A sofisticação da tecnologia e a especialização que exige tornou-nos a todos uns grandes ignorantes, porque quase nenhum de nós sabe fazer nada do princípio ao fim.
Felizes dos que sabem trabalhar a terra, os materiais, fazer um artefacto.
Porém, nada de basismos redutores: escrever, pensar, é também movimentar o corpo e usá-lo.
Por isso não faz sentido esta dicotomia entre mente e corpo.
Quem estuda a mente, ou quem estuda o corpo, estuda dois fósseis conceptuais, e nunca aprenderá nada.

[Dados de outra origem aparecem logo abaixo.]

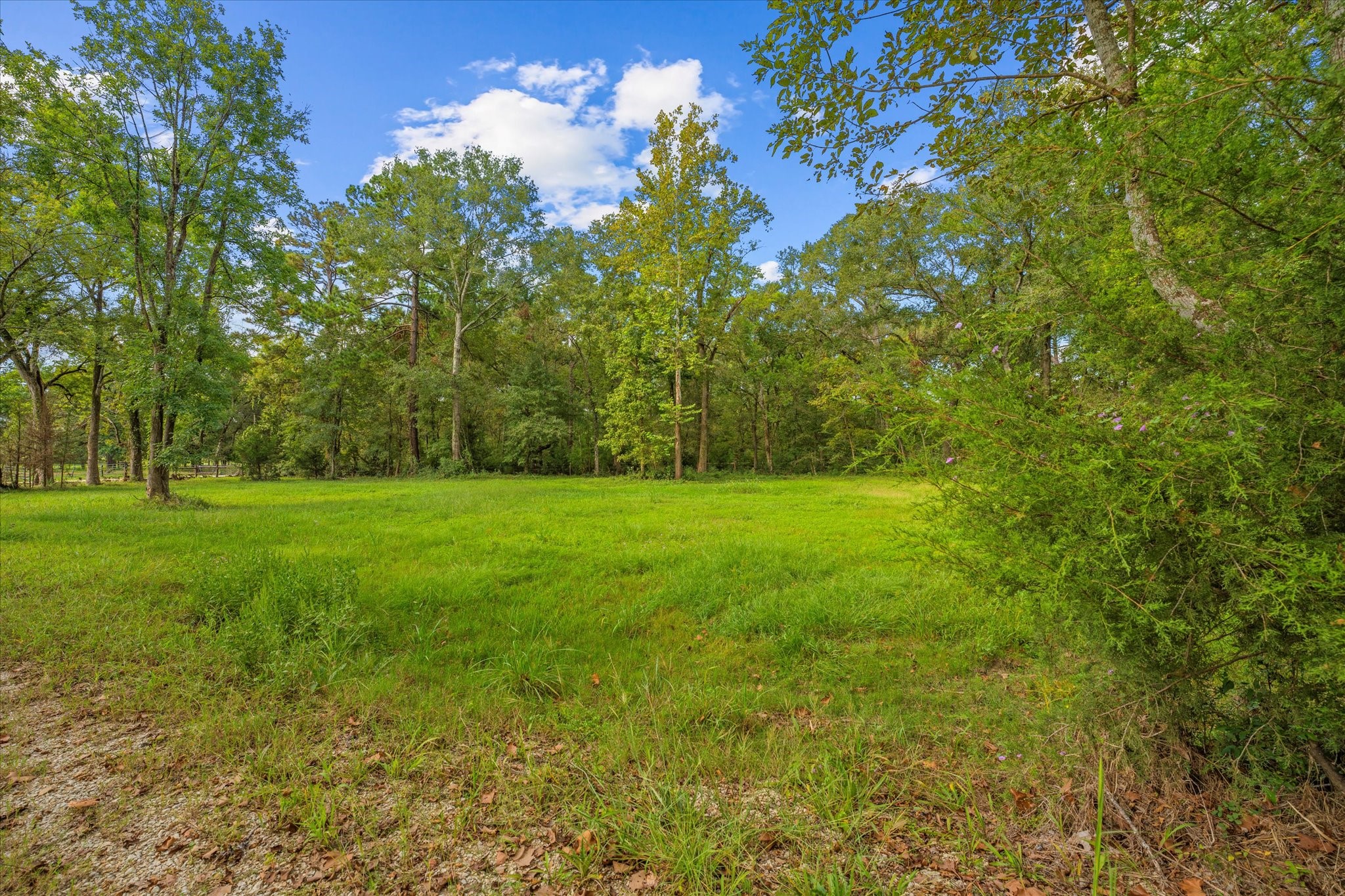 43 Stewart Road New Waverly, TX 77358 - Photo 13 of 21 This is a serene, wooded property featuring lush greenery, open grassy areas, and mature trees, offering a tranquil setting for a potential home site.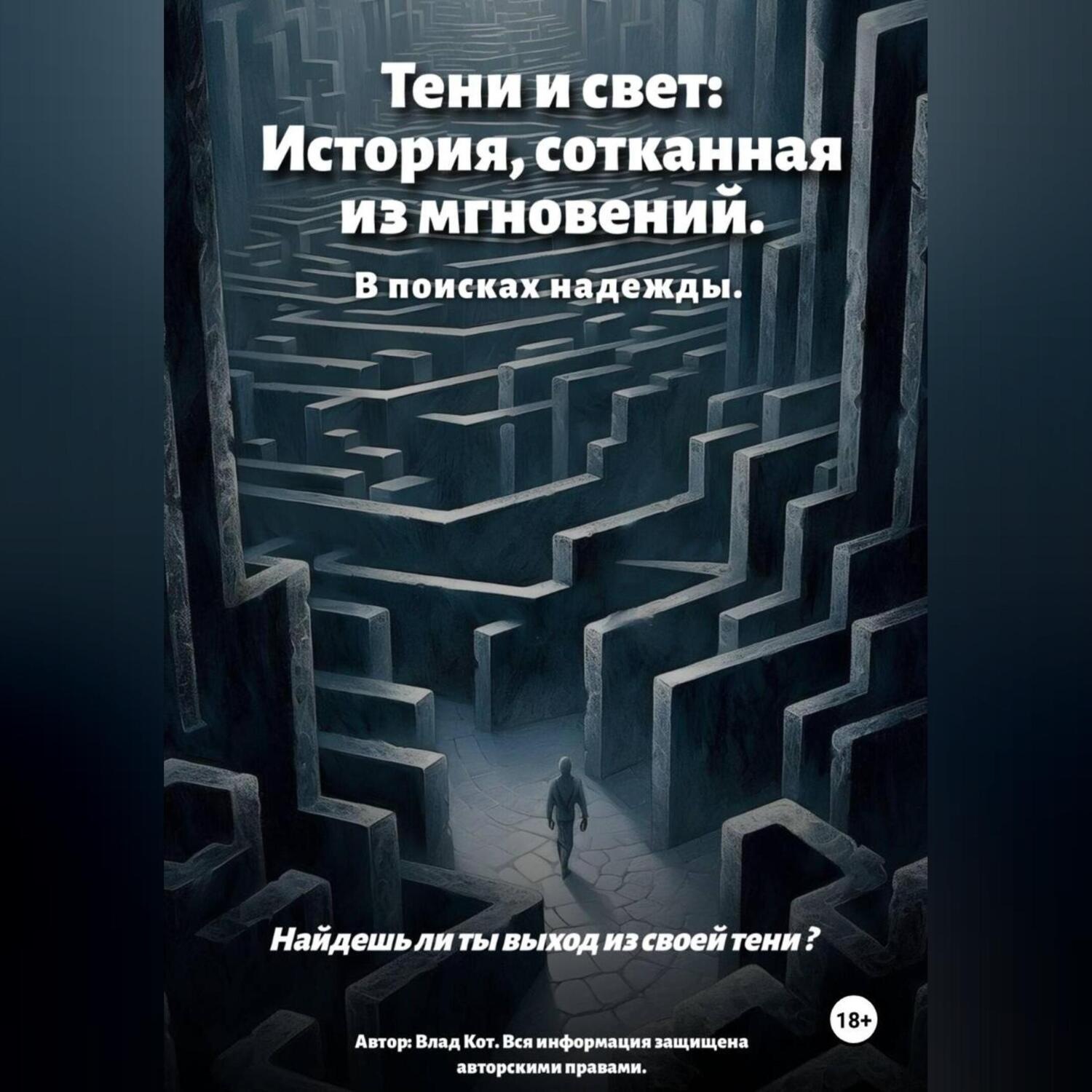 Обложка книги «Тени и свет: История, сотканная из мгновений»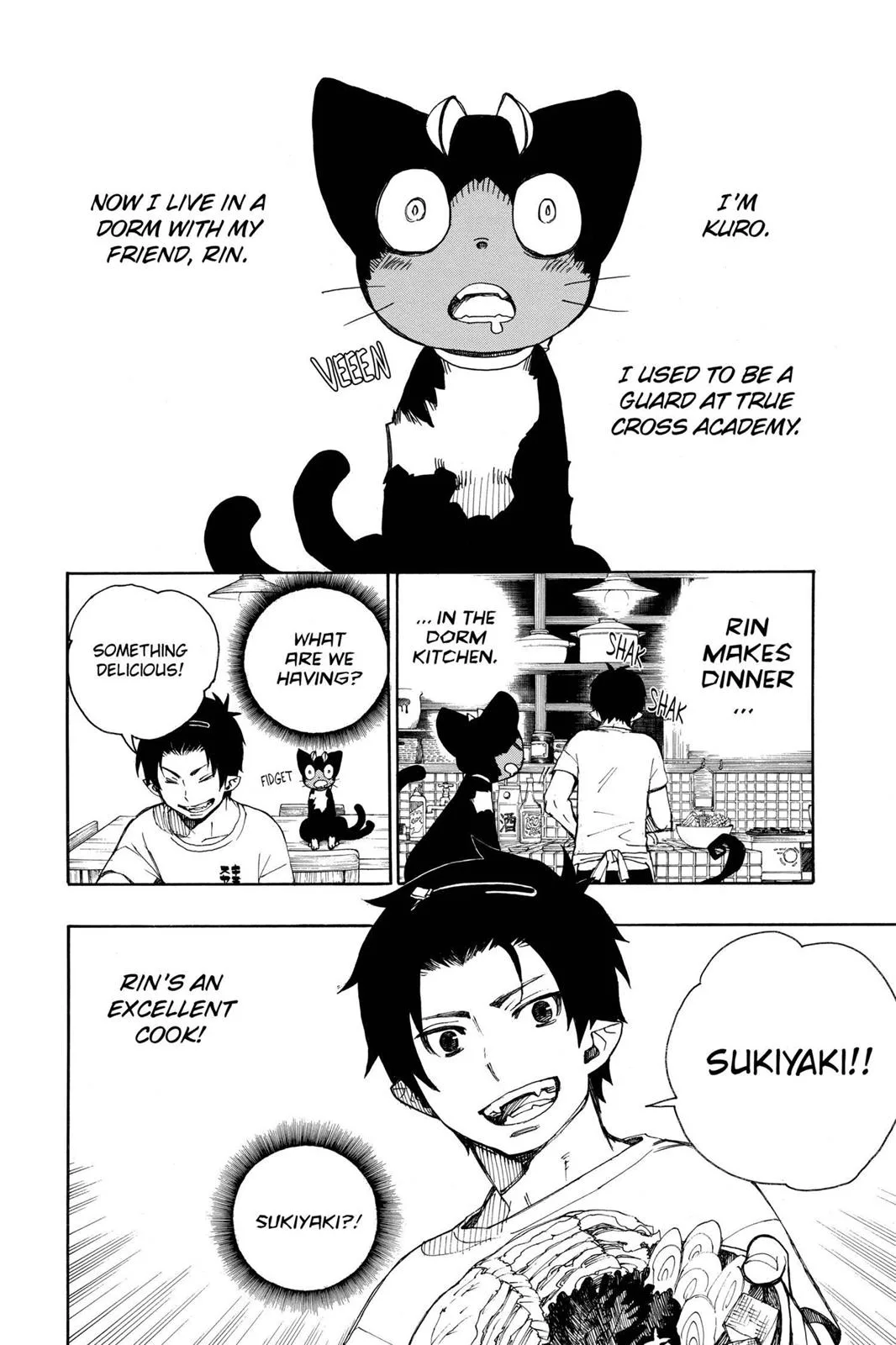Blue Exorcist, chapter 23.6, page 2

Quem transformou o saber em informação e em negócio um dia perceberá a perversão em que se meteu.
Oxalá a tecnologia nos venha a permitir regressar ao velho artesanato, isto é, fazer, produzir, fornecer aos outros um objecto acabado, saído das nossas mãos.
O que sabe cuidar do jardim, quer dizer, do campo, do oásis, e trata a terra com o carinho de uma pessoa de família, por exemplo, esse sabe.
O que sabe trabalhar a palavra, pela oralidade, pela gestualidade, pela expressão, pela escrita, esse sabe.
O importante é estar activo, e com felicidade por o estar: a inactividade compulsiva (reforma, tristeza e vazio dos idosos, ausência de "projecto") é a outra face da escravidão do trabalho. Por vezes, não morrer e não querer morrer parece quase obsceno.
Que os deuses, ou quem de direito, se apiedem daqueles que não sabem o que fazer. Nada há de mais triste do que o desencantamento contemporâneo, nada de mais pornográfico do que o constante desejo primário de gozar, fazer, ter, acumular.
Uma criança sai de uma porta de uma aldeia do deserto, e sorri-nos. Um gato furtivo aparece do nada, como só ele sabe. Esses sabem alguma coisa, mas estão subordinados. Um bicho sabe como cair sobre a sua presa: admiro o predador infalível.